What this task involves: Write the listing out once more, identical to the original but without pictures.
**** Recorded information
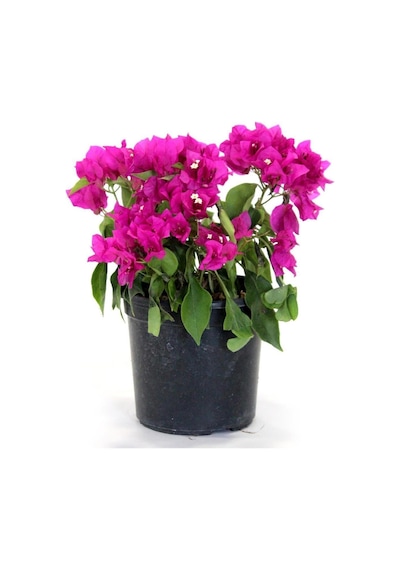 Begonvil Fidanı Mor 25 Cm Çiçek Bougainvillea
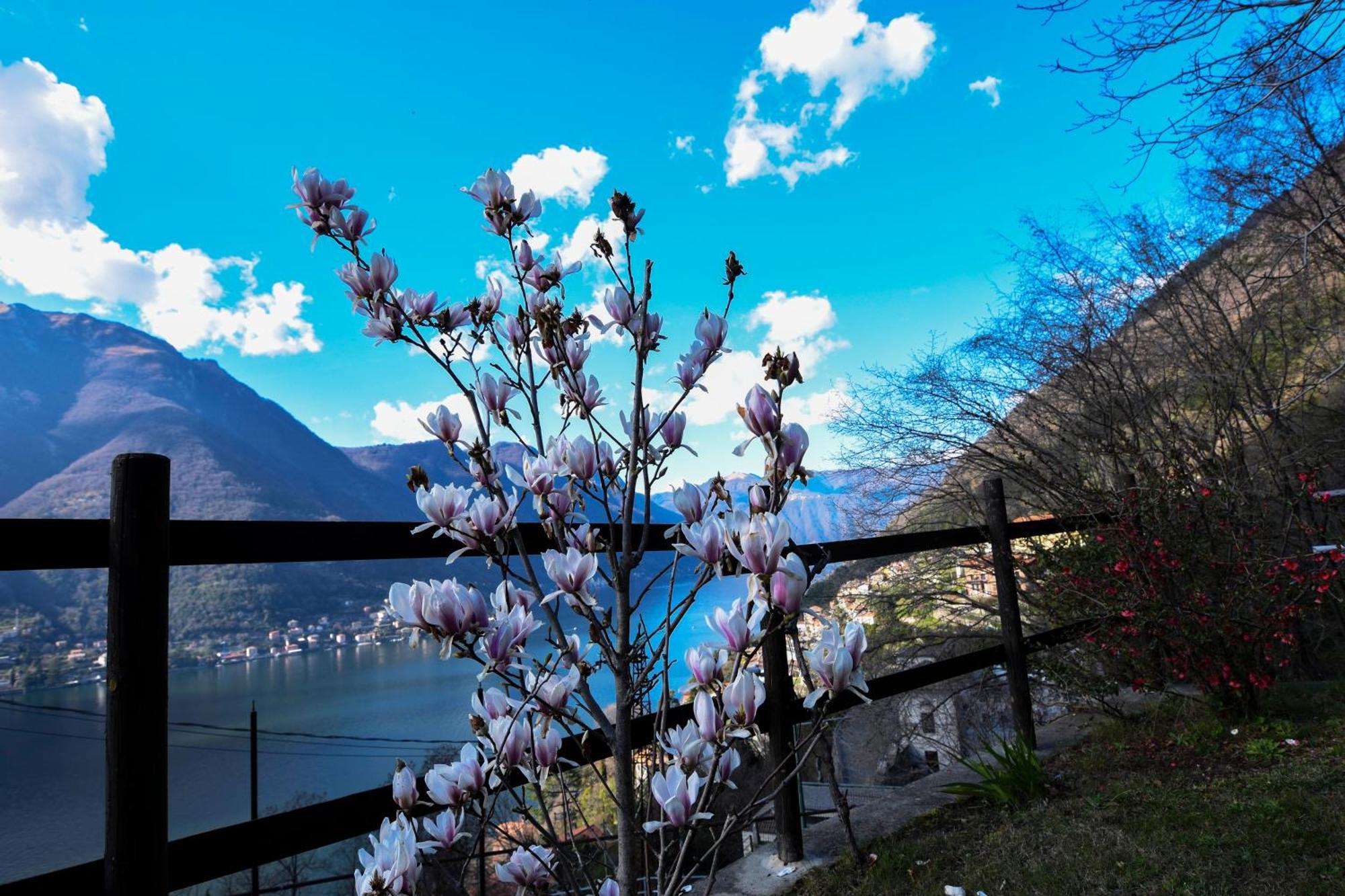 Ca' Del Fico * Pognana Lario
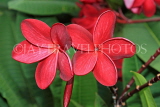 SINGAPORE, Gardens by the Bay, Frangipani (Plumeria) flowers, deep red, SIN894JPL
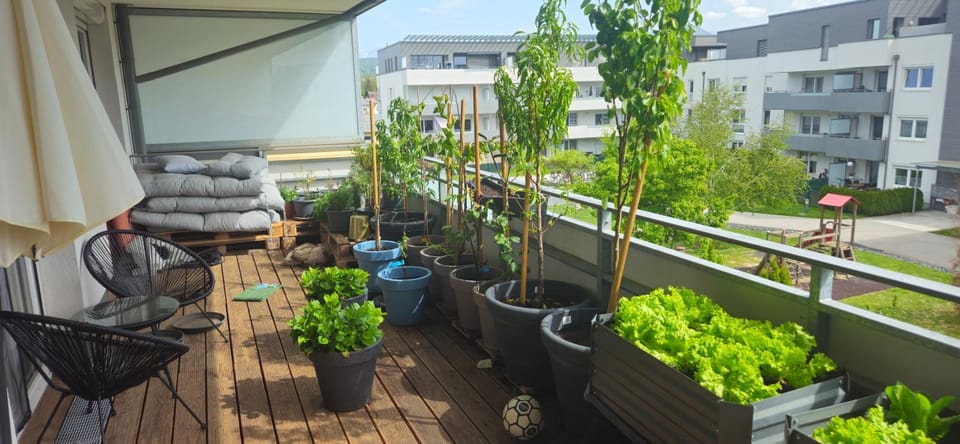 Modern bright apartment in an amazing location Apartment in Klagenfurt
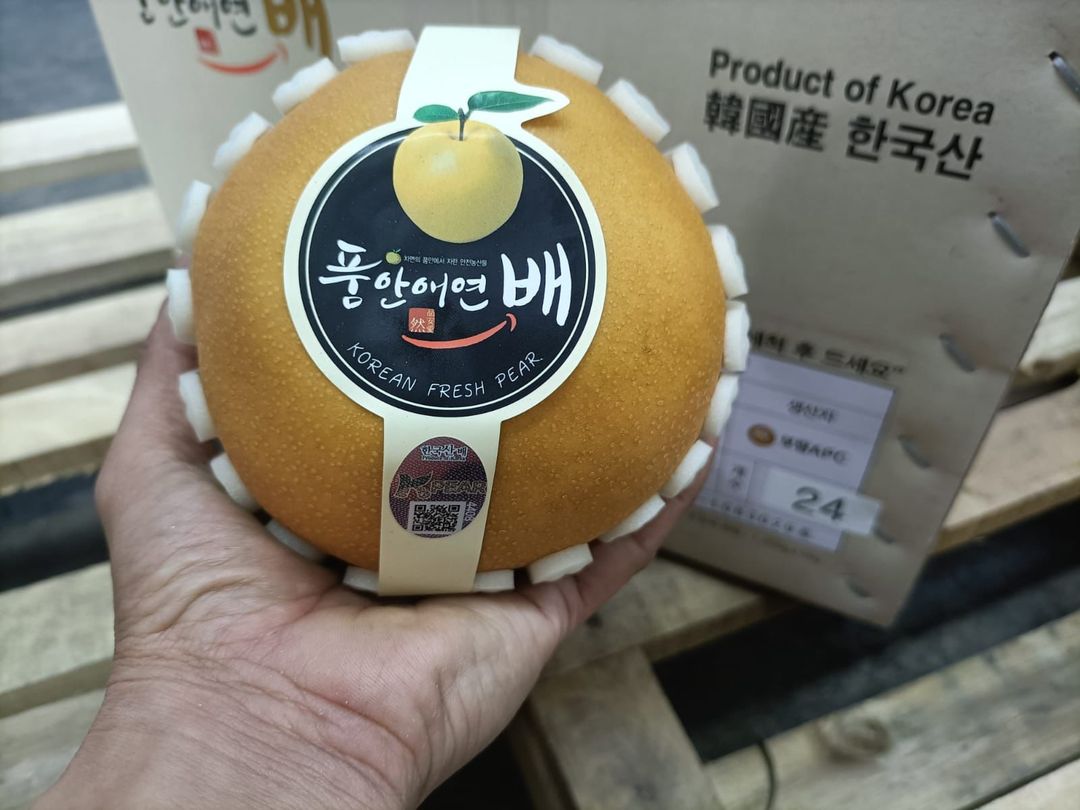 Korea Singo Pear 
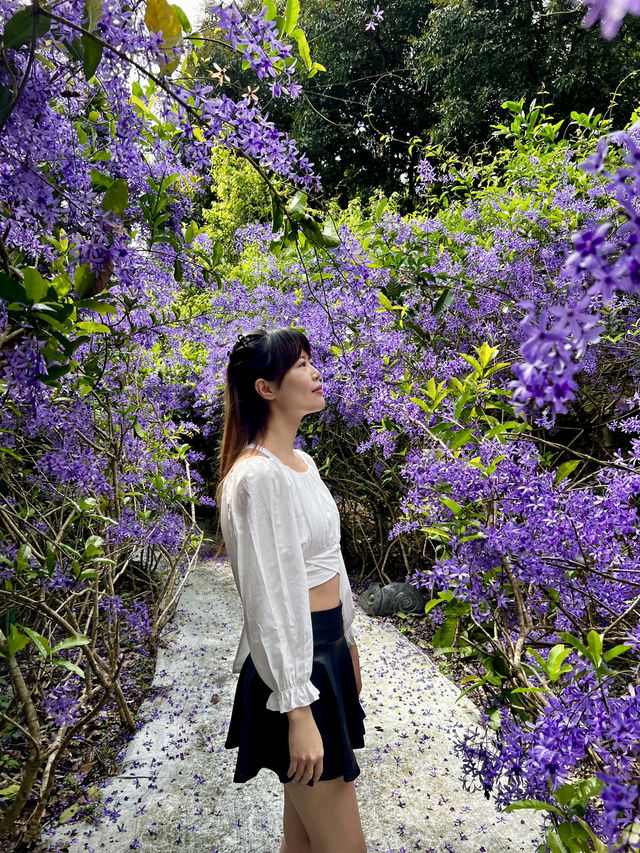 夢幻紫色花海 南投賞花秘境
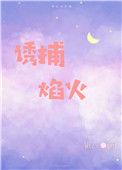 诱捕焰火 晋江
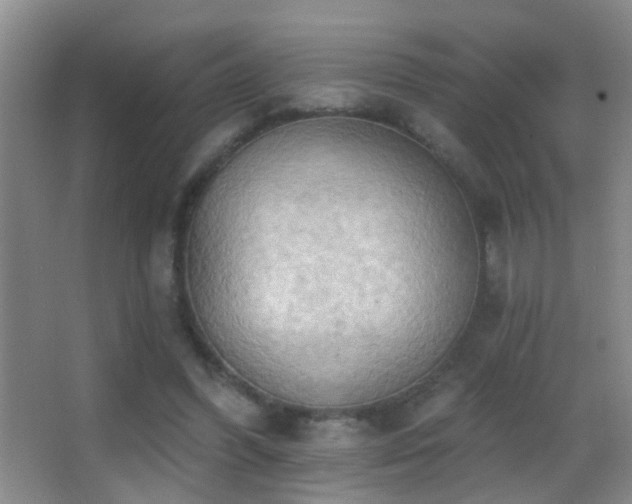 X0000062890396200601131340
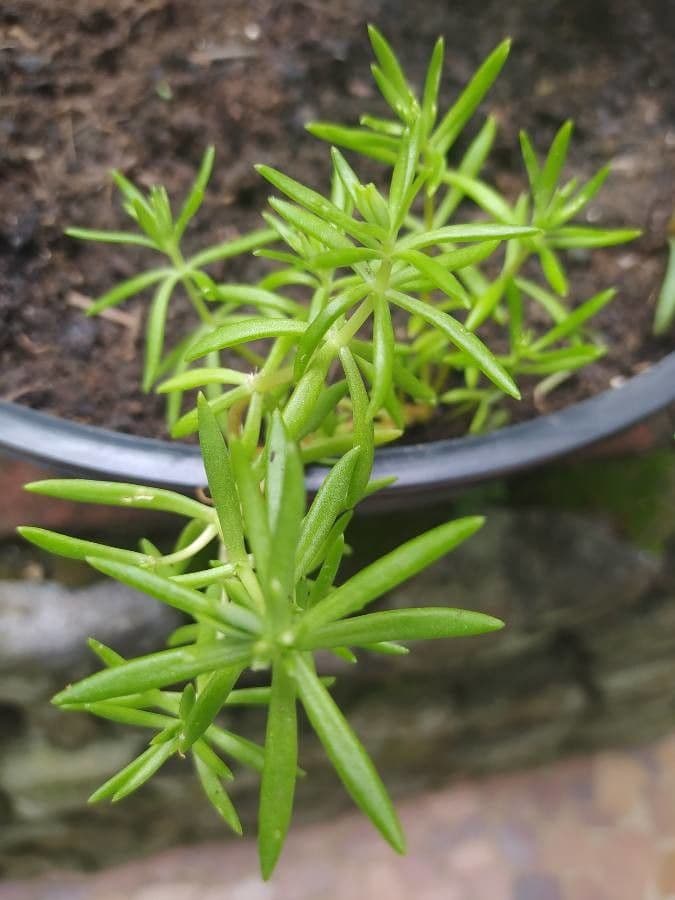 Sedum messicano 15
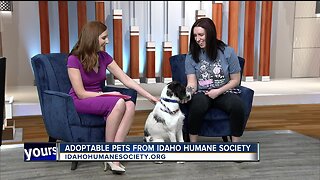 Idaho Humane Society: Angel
********
Reply to the task:
 Begonvil Fidanı Mor 25 Cm Çiçek Bougainvillea
 Ca' Del Fico * Pognana Lario
 SINGAPORE, Gardens by the Bay, Frangipani (Plumeria) flowers, deep red, SIN894JPL
 Modern bright apartment in an amazing location Apartment in Klagenfurt
 Korea Singo Pear 
 夢幻紫色花海 南投賞花秘境
 诱捕焰火 晋江
 X0000062890396200601131340
 Sedum messicano 15
 Idaho Humane Society: Angel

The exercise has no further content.